(DATA EXCERPT begins)

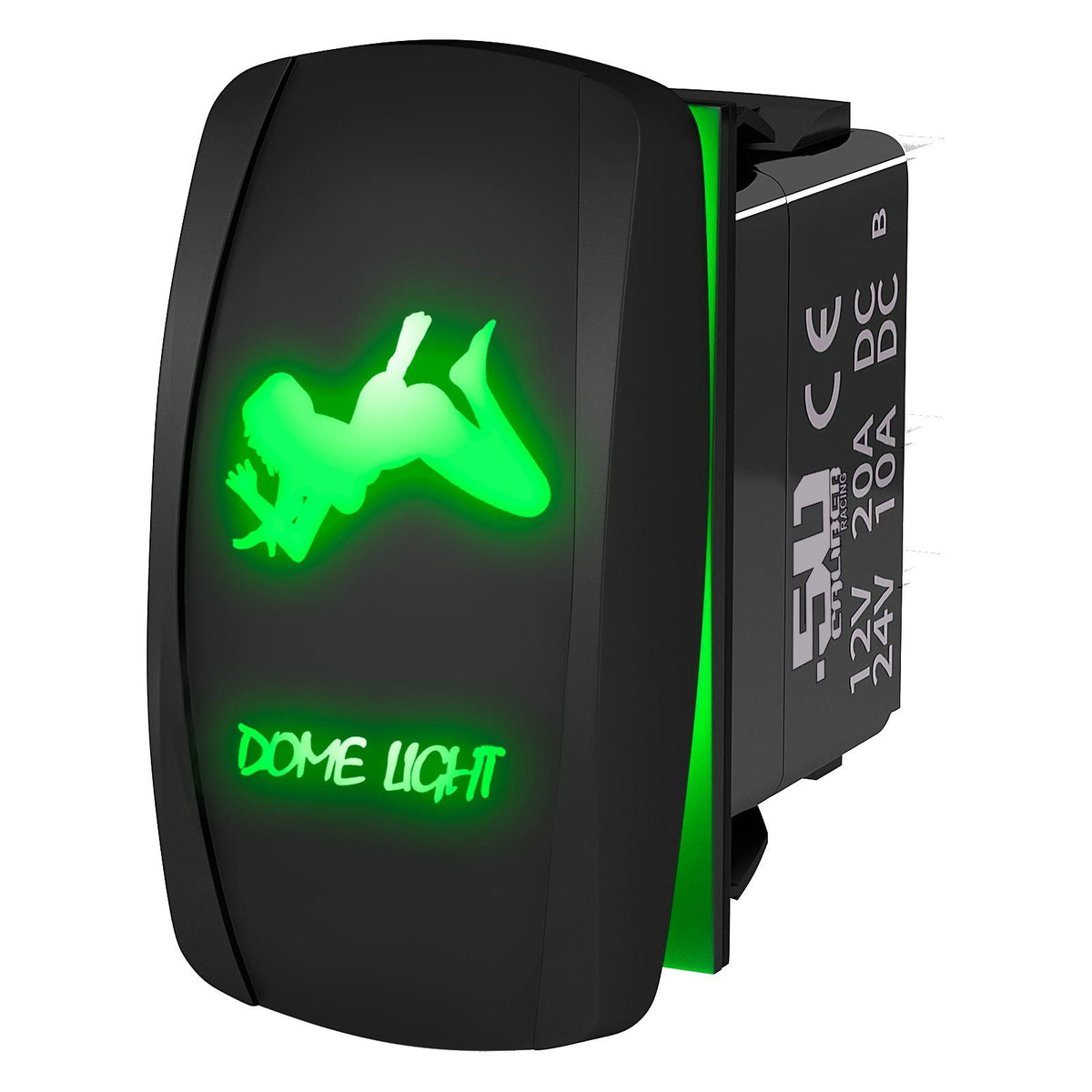 Green | Waterproof On/Off Rocker Switch Sexy Design "Dome Light" with Green  LED Illumination	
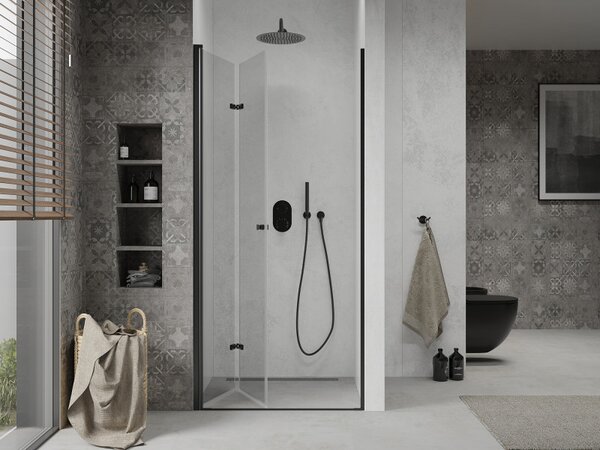Mexen Lima, usa de dus plianta in deschidere 70 x 190 cm, sticla transparenta de 6 mm, profil negru, 856-070-000-70-00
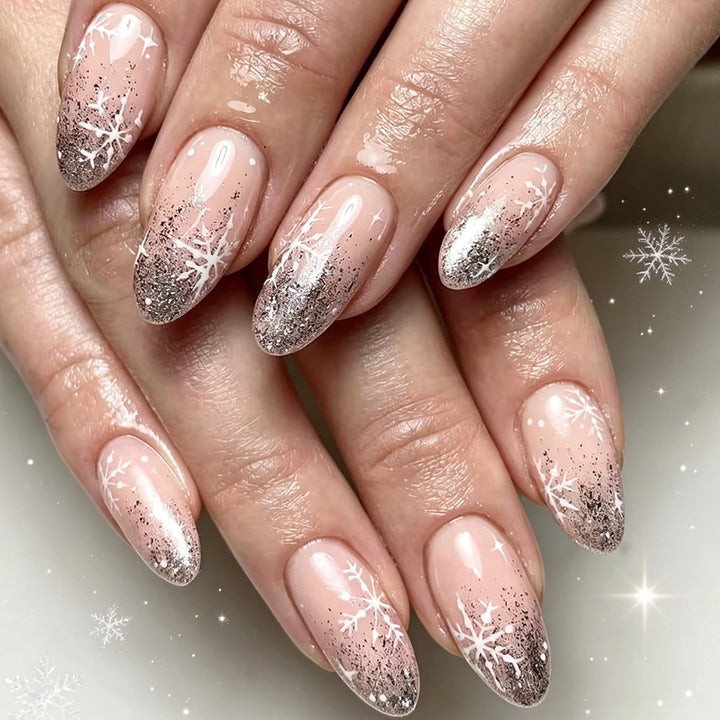 Snowflake Glitter Gel Nail Art Bowlift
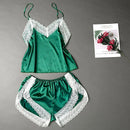 Conjunto de Pijama Feminino Sexy com Patchwork e Renda, Respirável com Alças Finas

(DATA EXCERPT ends)

§ **TASK DIRECTIONS**:
Extract exactly the lines above from the line containing "Snowflake Glitter Gel Nail Art Bowlift" through the last one, both ends included, but not the pictures.

§ **RESPONSE BOX**:
 Snowflake Glitter Gel Nail Art Bowlift
 Conjunto de Pijama Feminino Sexy com Patchwork e Renda, Respirável com Alças Finas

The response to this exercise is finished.